::: The records :::

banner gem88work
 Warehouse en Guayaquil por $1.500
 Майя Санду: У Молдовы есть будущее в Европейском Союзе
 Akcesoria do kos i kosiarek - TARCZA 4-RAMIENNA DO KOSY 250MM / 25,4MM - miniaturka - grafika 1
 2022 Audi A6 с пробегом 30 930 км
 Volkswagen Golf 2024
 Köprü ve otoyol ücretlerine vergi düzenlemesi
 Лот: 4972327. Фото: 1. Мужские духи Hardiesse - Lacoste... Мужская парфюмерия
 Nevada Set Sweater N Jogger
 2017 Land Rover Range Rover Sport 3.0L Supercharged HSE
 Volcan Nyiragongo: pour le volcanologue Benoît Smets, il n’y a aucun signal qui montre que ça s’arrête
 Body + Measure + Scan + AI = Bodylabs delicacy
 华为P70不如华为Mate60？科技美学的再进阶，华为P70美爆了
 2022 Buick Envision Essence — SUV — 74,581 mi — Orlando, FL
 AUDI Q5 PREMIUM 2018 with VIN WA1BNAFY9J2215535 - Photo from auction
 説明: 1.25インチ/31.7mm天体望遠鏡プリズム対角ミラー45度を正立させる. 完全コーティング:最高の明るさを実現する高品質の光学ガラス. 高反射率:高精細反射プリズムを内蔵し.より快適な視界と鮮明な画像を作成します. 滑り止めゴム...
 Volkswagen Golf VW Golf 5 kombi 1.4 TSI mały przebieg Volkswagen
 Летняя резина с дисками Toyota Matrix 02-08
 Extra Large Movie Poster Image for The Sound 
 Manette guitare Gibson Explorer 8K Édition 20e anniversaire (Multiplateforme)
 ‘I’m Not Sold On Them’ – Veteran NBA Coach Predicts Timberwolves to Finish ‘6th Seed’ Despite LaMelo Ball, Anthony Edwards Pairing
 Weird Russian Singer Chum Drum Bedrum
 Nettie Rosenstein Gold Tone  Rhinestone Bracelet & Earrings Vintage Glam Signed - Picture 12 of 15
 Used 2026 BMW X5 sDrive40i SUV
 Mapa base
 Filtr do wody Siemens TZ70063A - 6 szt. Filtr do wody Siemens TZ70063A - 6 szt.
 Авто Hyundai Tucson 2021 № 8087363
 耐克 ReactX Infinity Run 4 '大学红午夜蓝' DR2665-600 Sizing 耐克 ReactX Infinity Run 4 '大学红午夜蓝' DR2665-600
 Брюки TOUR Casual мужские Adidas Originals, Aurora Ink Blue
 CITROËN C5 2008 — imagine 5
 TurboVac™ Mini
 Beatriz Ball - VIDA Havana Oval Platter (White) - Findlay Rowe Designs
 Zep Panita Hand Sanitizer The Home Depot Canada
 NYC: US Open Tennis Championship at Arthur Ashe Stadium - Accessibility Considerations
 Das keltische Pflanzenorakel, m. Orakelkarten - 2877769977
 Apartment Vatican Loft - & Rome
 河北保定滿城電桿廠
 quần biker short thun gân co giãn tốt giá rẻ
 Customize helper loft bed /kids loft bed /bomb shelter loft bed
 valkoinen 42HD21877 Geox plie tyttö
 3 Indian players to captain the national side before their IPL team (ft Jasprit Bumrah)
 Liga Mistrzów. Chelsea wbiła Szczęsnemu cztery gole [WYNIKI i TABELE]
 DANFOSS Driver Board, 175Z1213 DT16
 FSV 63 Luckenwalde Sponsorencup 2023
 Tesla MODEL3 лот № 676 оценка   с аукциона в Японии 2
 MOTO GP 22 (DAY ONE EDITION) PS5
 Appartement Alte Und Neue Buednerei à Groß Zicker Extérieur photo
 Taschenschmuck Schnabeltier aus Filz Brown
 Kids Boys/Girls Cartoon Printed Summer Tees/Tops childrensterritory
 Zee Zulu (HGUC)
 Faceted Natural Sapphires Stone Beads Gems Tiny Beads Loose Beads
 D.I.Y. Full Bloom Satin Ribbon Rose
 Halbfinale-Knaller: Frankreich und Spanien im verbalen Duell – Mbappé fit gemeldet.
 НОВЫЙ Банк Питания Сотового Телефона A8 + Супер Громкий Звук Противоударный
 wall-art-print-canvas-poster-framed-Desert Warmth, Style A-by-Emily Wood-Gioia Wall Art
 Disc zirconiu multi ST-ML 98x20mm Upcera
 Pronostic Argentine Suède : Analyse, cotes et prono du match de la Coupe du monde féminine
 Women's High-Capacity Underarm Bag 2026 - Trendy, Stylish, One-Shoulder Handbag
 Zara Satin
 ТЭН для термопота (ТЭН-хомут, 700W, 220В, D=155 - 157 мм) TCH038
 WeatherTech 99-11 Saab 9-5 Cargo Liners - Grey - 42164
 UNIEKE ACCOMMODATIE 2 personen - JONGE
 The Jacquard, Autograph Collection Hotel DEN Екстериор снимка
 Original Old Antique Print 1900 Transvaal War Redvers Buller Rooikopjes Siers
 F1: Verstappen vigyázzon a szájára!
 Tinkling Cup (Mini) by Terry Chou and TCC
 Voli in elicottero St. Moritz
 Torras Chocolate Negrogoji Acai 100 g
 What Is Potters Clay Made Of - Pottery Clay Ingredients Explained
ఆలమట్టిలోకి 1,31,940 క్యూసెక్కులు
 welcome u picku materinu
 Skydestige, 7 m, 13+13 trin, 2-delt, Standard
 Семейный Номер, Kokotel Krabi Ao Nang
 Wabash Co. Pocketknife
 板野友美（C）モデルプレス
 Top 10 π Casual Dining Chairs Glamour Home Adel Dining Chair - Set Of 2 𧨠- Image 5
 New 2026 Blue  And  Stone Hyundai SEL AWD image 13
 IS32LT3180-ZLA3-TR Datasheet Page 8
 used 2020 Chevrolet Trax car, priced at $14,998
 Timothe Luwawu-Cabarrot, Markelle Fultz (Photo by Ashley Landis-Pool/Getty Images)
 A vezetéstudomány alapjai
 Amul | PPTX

:::

▶ [Task details]
Every entry above must be reproduced exactly.

▶ [Completed exercise]
banner gem88work
 Warehouse en Guayaquil por $1.500
 Майя Санду: У Молдовы есть будущее в Европейском Союзе
 Akcesoria do kos i kosiarek - TARCZA 4-RAMIENNA DO KOSY 250MM / 25,4MM - miniaturka - grafika 1
 2022 Audi A6 с пробегом 30 930 км
 Volkswagen Golf 2024
 Köprü ve otoyol ücretlerine vergi düzenlemesi
 Лот: 4972327. Фото: 1. Мужские духи Hardiesse - Lacoste... Мужская парфюмерия
 Nevada Set Sweater N Jogger
 2017 Land Rover Range Rover Sport 3.0L Supercharged HSE
 Volcan Nyiragongo: pour le volcanologue Benoît Smets, il n’y a aucun signal qui montre que ça s’arrête
 Body + Measure + Scan + AI = Bodylabs delicacy
 华为P70不如华为Mate60？科技美学的再进阶，华为P70美爆了
 2022 Buick Envision Essence — SUV — 74,581 mi — Orlando, FL
 AUDI Q5 PREMIUM 2018 with VIN WA1BNAFY9J2215535 - Photo from auction
 説明: 1.25インチ/31.7mm天体望遠鏡プリズム対角ミラー45度を正立させる. 完全コーティング:最高の明るさを実現する高品質の光学ガラス. 高反射率:高精細反射プリズムを内蔵し.より快適な視界と鮮明な画像を作成します. 滑り止めゴム...
 Volkswagen Golf VW Golf 5 kombi 1.4 TSI mały przebieg Volkswagen
 Летняя резина с дисками Toyota Matrix 02-08
 Extra Large Movie Poster Image for The Sound 
 Manette guitare Gibson Explorer 8K Édition 20e anniversaire (Multiplateforme)
 ‘I’m Not Sold On Them’ – Veteran NBA Coach Predicts Timberwolves to Finish ‘6th Seed’ Despite LaMelo Ball, Anthony Edwards Pairing
 Weird Russian Singer Chum Drum Bedrum
 Nettie Rosenstein Gold Tone  Rhinestone Bracelet & Earrings Vintage Glam Signed - Picture 12 of 15
 Used 2026 BMW X5 sDrive40i SUV
 Mapa base
 Filtr do wody Siemens TZ70063A - 6 szt. Filtr do wody Siemens TZ70063A - 6 szt.
 Авто Hyundai Tucson 2021 № 8087363
 耐克 ReactX Infinity Run 4 '大学红午夜蓝' DR2665-600 Sizing 耐克 ReactX Infinity Run 4 '大学红午夜蓝' DR2665-600
 Брюки TOUR Casual мужские Adidas Originals, Aurora Ink Blue
 CITROËN C5 2008 — imagine 5
 TurboVac™ Mini
 Beatriz Ball - VIDA Havana Oval Platter (White) - Findlay Rowe Designs
 Zep Panita Hand Sanitizer The Home Depot Canada
 NYC: US Open Tennis Championship at Arthur Ashe Stadium - Accessibility Considerations
 Das keltische Pflanzenorakel, m. Orakelkarten - 2877769977
 Apartment Vatican Loft - & Rome
 河北保定滿城電桿廠
 quần biker short thun gân co giãn tốt giá rẻ
 Customize helper loft bed /kids loft bed /bomb shelter loft bed
 valkoinen 42HD21877 Geox plie tyttö
 3 Indian players to captain the national side before their IPL team (ft Jasprit Bumrah)
 Liga Mistrzów. Chelsea wbiła Szczęsnemu cztery gole [WYNIKI i TABELE]
 DANFOSS Driver Board, 175Z1213 DT16
 FSV 63 Luckenwalde Sponsorencup 2023
 Tesla MODEL3 лот № 676 оценка   с аукциона в Японии 2
 MOTO GP 22 (DAY ONE EDITION) PS5
 Appartement Alte Und Neue Buednerei à Groß Zicker Extérieur photo
 Taschenschmuck Schnabeltier aus Filz Brown
 Kids Boys/Girls Cartoon Printed Summer Tees/Tops childrensterritory
 Zee Zulu (HGUC)
 Faceted Natural Sapphires Stone Beads Gems Tiny Beads Loose Beads
 D.I.Y. Full Bloom Satin Ribbon Rose
 Halbfinale-Knaller: Frankreich und Spanien im verbalen Duell – Mbappé fit gemeldet.
 НОВЫЙ Банк Питания Сотового Телефона A8 + Супер Громкий Звук Противоударный
 wall-art-print-canvas-poster-framed-Desert Warmth, Style A-by-Emily Wood-Gioia Wall Art
 Disc zirconiu multi ST-ML 98x20mm Upcera
 Pronostic Argentine Suède : Analyse, cotes et prono du match de la Coupe du monde féminine
 Women's High-Capacity Underarm Bag 2026 - Trendy, Stylish, One-Shoulder Handbag
 Zara Satin
 ТЭН для термопота (ТЭН-хомут, 700W, 220В, D=155 - 157 мм) TCH038
 WeatherTech 99-11 Saab 9-5 Cargo Liners - Grey - 42164
 UNIEKE ACCOMMODATIE 2 personen - JONGE
 The Jacquard, Autograph Collection Hotel DEN Екстериор снимка
 Original Old Antique Print 1900 Transvaal War Redvers Buller Rooikopjes Siers
 F1: Verstappen vigyázzon a szájára!
 Tinkling Cup (Mini) by Terry Chou and TCC
 Voli in elicottero St. Moritz
 Torras Chocolate Negrogoji Acai 100 g
 What Is Potters Clay Made Of - Pottery Clay Ingredients Explained
ఆలమట్టిలోకి 1,31,940 క్యూసెక్కులు
 welcome u picku materinu
 Skydestige, 7 m, 13+13 trin, 2-delt, Standard
 Семейный Номер, Kokotel Krabi Ao Nang
 Wabash Co. Pocketknife
 板野友美（C）モデルプレス
 Top 10 π Casual Dining Chairs Glamour Home Adel Dining Chair - Set Of 2 𧨠- Image 5
 New 2026 Blue  And  Stone Hyundai SEL AWD image 13
 IS32LT3180-ZLA3-TR Datasheet Page 8
 used 2020 Chevrolet Trax car, priced at $14,998
 Timothe Luwawu-Cabarrot, Markelle Fultz (Photo by Ashley Landis-Pool/Getty Images)
 A vezetéstudomány alapjai
 Amul | PPTX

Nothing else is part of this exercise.